Tra queste una menzione particolare merita la piccola isola di Santo Stefano nel Mar Tirreno, al largo della costa fra Lazio e Campania, e che fa parte geograficamente delle isole ponziane.

In passato fu scarsamente abitata a causa delle sue ripide scogliere, che ne hanno reso sempre molto difficile l’approdo.

Attualmente è disabitata, ma è possibile visitarla con imbarcazioni locali e dipende amministrativamente dal comune di Ventotene.

Perché visitare quest’isola?

Perché in essa è presente un unico edificio: la sua principale attrazione è un ex carcere fatto costruire nel periodo dei Borboni, e precisamente nel 1794-95 da Ferdinando IV, ed utilizzato fino al 1965.

Fu progettato dal filosofo e giurista illuminista Jeremy Bentham ed ha  “ospitato” lo scrittore Luigi Settembrini, l’anarchico Gaetano Bresci, e durante il regime fascista il futuro Presidente della Repubblica Sandro Pertini.

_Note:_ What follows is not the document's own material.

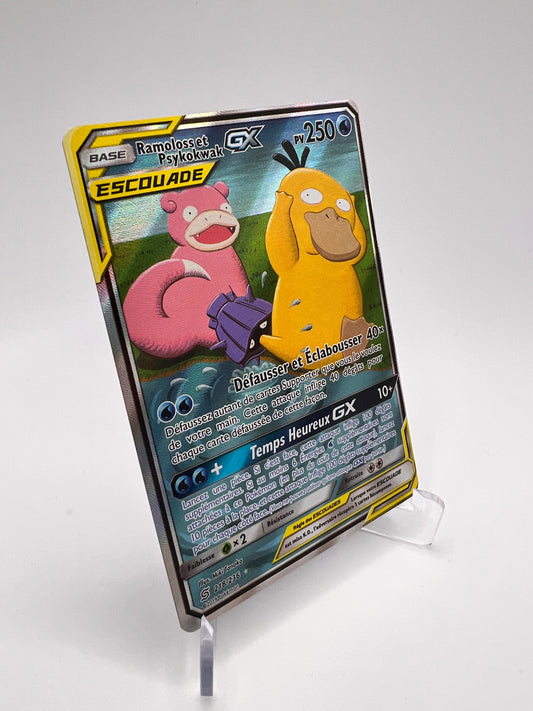 Ramolos et Psykokwak 218/236 Pikadi Collect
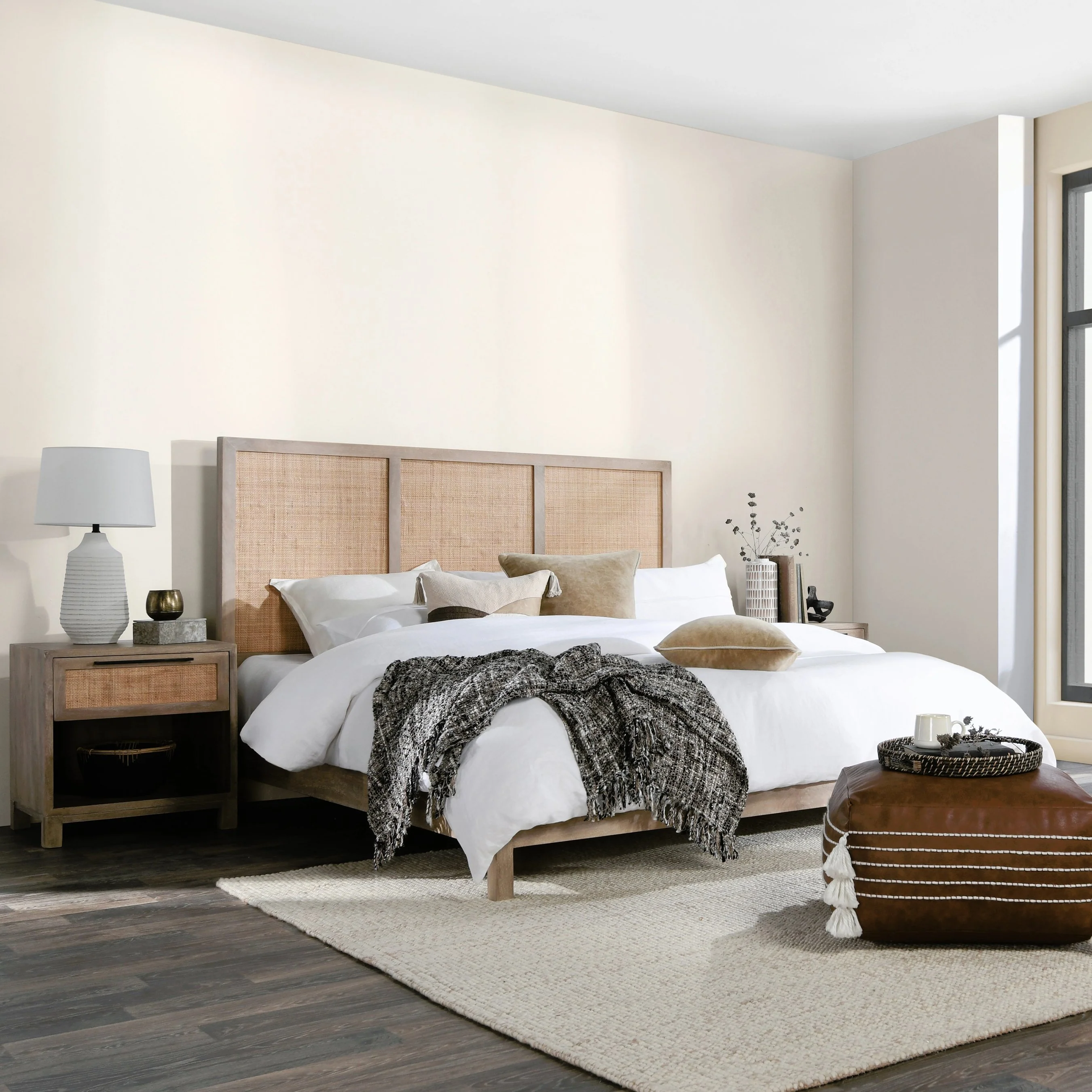 Jensen Mango Wood Bed - Image 22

Nel 1981, su iniziativa del Ministro della difesa pro tempore, sopra il portone di accesso al penitenziario, fu posizionata una lapide in marmo per ricordare i patrioti dell’800, e i detenuti del periodo fascista ristretti in questo luogo.

Il carcere è stato poi anche la location di alcuni film come l’Urlo di Tinto Brass, e di alcune sequenze di Ostia di Sergio Citti e Sul Mare di Alessandro D’Alatri.

Ora dopo oltre 50 anni di abbandono, fortunatamente, grazie a un progetto di recupero governativo, l’ex struttura penitenziaria sarà destinata a divenire un centro di formazione sui temi dei diritti umani, del patrimonio culturale, e dello sviluppo sostenibile.

La storia di questo luogo di detenzione fu fortemente segnata oltre che dai detenuti, che qui scontavano la loro pena, dall’attività di uno dei direttori di questo ex carcere: Eugenio Perucatti che lo diresse dal 1952 al 1960.

Un personaggio illuminato che anticipò di anni il periodo della riforma carceraria del 1975.

Perucatti fu un innovatore nel campo penitenziario: consentì agli ergastolani di uscire dalle celle per lavorare, costruì un forno, piccole botteghe, e un campo di calcio sul quale furono giocate partite memorabili, tra guardie carcerarie e detenuti, di cui una fu commentata perfino da Nicolò Carosio.

Si spese poi a favore della pena redentiva in ossequio al dettato costituzionale che prevede che quest’ultima deve tendere alla rieducazione del condannato, e manifestò la sua contrarietà verso l’ergastolo ostativo (che non permette la concessione dei benefici penitenziari) anticipando i più recenti orientamenti che ne hanno decretato l’illegittimità.

Nel 1964 venne annunciata la chiusura di questo penitenziario, e l’ultimo drappello di detenuti lasciò l’isola nell’aprile del 1965.